### Records to process ###

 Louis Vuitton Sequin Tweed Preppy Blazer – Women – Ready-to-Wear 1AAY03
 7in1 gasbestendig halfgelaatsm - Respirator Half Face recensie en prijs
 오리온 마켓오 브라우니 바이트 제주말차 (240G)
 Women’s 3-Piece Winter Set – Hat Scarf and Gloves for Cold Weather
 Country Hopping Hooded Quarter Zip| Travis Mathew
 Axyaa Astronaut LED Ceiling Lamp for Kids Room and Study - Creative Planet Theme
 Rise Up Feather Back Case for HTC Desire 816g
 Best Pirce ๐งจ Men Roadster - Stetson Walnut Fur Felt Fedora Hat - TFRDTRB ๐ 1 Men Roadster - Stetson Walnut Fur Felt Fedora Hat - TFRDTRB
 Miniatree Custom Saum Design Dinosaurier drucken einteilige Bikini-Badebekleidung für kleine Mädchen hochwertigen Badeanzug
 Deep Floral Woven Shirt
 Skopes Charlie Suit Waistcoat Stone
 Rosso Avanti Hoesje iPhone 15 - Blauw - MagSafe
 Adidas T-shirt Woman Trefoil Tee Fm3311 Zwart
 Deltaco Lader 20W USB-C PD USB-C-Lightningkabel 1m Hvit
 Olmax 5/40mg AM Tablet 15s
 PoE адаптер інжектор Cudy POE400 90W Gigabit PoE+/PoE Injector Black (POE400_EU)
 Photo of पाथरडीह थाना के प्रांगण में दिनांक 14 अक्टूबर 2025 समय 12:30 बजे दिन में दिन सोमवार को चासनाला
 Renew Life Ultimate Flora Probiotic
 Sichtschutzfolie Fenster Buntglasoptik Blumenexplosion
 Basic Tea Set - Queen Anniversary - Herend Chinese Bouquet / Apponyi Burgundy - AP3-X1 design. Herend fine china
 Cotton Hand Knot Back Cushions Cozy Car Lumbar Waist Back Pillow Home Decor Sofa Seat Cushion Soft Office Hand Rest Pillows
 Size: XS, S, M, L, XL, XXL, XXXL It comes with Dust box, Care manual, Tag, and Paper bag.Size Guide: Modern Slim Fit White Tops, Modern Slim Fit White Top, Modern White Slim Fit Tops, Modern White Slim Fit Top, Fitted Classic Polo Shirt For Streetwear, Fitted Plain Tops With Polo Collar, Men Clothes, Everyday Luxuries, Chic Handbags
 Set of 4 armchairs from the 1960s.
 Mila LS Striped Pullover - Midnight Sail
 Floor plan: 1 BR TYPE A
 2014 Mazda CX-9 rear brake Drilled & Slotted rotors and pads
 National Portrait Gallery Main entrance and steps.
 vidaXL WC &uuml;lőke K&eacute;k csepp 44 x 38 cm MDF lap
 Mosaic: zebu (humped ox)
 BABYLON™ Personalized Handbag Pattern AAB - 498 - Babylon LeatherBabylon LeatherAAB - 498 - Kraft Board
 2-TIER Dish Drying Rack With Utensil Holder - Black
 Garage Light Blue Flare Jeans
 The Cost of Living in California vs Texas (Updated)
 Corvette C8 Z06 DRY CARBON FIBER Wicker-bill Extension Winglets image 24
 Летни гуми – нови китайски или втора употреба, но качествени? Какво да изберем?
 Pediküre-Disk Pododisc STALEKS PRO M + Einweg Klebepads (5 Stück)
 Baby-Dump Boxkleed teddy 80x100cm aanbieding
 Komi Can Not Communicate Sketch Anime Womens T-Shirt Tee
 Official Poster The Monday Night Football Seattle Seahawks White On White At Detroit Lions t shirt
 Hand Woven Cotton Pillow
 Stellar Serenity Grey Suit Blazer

###

Some lines contain the word "Blazer". Pull each one out of the listing.

 Louis Vuitton Sequin Tweed Preppy Blazer – Women – Ready-to-Wear 1AAY03
 Stellar Serenity Grey Suit Blazer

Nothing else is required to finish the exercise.